(THE DATA begins)

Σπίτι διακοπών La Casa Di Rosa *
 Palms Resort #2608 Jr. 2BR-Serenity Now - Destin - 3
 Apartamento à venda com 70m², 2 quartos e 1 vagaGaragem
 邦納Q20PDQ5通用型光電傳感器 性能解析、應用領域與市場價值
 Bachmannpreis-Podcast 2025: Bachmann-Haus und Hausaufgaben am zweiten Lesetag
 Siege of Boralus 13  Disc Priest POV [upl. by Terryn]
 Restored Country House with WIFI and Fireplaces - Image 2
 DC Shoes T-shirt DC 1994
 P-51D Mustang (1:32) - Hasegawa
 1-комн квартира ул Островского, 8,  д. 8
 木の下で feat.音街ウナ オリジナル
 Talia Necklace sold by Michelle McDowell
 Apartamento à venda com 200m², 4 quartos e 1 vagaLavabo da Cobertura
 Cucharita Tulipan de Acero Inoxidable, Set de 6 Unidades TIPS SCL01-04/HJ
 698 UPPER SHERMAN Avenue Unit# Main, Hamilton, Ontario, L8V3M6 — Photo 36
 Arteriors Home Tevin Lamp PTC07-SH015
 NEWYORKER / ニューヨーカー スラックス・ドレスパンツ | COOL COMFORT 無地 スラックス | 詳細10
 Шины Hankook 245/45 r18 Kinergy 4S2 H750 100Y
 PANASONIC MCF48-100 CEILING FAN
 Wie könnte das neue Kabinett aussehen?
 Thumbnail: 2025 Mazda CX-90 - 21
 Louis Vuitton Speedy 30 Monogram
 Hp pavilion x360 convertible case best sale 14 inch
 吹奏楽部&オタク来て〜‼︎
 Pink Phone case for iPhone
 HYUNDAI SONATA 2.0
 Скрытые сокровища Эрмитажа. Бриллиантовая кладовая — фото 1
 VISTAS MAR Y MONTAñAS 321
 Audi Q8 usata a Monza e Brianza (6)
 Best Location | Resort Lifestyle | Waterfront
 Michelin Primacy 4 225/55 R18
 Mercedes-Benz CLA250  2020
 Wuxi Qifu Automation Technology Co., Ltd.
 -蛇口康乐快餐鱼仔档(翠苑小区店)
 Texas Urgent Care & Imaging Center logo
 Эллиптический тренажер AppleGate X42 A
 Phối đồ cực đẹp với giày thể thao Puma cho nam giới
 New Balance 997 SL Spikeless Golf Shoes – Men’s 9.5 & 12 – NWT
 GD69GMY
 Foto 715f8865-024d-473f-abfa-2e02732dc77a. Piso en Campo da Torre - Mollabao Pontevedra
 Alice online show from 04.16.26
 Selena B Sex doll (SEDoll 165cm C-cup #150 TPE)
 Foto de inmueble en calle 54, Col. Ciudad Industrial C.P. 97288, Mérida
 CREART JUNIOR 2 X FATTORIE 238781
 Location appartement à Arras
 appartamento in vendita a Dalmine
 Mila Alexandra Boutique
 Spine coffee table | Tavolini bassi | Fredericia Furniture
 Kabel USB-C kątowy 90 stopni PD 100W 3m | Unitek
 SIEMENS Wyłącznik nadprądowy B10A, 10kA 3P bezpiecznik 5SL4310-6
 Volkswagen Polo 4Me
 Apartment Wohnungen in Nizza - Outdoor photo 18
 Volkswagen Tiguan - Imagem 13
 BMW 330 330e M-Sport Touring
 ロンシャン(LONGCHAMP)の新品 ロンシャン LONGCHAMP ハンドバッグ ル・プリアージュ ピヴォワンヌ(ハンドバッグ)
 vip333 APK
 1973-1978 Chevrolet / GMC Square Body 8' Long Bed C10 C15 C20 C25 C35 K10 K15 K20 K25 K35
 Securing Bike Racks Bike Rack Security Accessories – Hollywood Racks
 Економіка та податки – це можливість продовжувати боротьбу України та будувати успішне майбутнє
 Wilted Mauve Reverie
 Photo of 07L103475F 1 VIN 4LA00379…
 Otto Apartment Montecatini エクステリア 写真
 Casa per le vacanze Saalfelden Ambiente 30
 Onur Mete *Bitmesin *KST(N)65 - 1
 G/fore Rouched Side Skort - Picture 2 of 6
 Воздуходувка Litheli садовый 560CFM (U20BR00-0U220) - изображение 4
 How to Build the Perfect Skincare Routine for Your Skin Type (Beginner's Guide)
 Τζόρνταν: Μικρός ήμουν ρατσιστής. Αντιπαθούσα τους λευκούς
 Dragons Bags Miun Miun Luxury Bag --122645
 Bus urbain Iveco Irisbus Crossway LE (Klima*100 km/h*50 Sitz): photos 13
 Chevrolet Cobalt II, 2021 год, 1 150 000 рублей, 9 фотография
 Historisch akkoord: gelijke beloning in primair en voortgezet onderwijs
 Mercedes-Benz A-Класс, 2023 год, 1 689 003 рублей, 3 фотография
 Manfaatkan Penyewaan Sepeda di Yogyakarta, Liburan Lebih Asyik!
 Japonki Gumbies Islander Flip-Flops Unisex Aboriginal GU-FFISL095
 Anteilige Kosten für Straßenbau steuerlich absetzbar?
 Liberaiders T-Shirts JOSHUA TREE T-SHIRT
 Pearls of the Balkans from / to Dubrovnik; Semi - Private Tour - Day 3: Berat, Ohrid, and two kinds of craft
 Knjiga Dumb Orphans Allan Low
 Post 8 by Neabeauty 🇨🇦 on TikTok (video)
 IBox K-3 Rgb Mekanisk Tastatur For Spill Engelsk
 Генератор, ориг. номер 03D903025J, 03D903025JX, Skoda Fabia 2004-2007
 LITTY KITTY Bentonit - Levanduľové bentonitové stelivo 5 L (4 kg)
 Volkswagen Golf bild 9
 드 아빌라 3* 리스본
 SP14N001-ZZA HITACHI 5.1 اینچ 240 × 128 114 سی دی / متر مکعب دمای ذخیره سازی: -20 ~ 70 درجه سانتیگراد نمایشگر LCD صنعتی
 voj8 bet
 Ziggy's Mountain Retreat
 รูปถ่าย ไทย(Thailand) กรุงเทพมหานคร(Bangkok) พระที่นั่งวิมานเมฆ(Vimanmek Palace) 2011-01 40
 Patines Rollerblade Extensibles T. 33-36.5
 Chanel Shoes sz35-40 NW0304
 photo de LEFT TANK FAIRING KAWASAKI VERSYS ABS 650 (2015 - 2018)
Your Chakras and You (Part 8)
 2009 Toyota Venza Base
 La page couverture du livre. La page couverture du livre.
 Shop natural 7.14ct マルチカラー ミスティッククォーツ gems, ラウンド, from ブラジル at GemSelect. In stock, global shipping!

(THE DATA ends)

Wherever the word "Resort" appears in the entries above, copy that line.

 Palms Resort #2608 Jr. 2BR-Serenity Now - Destin - 3
 Best Location | Resort Lifestyle | Waterfront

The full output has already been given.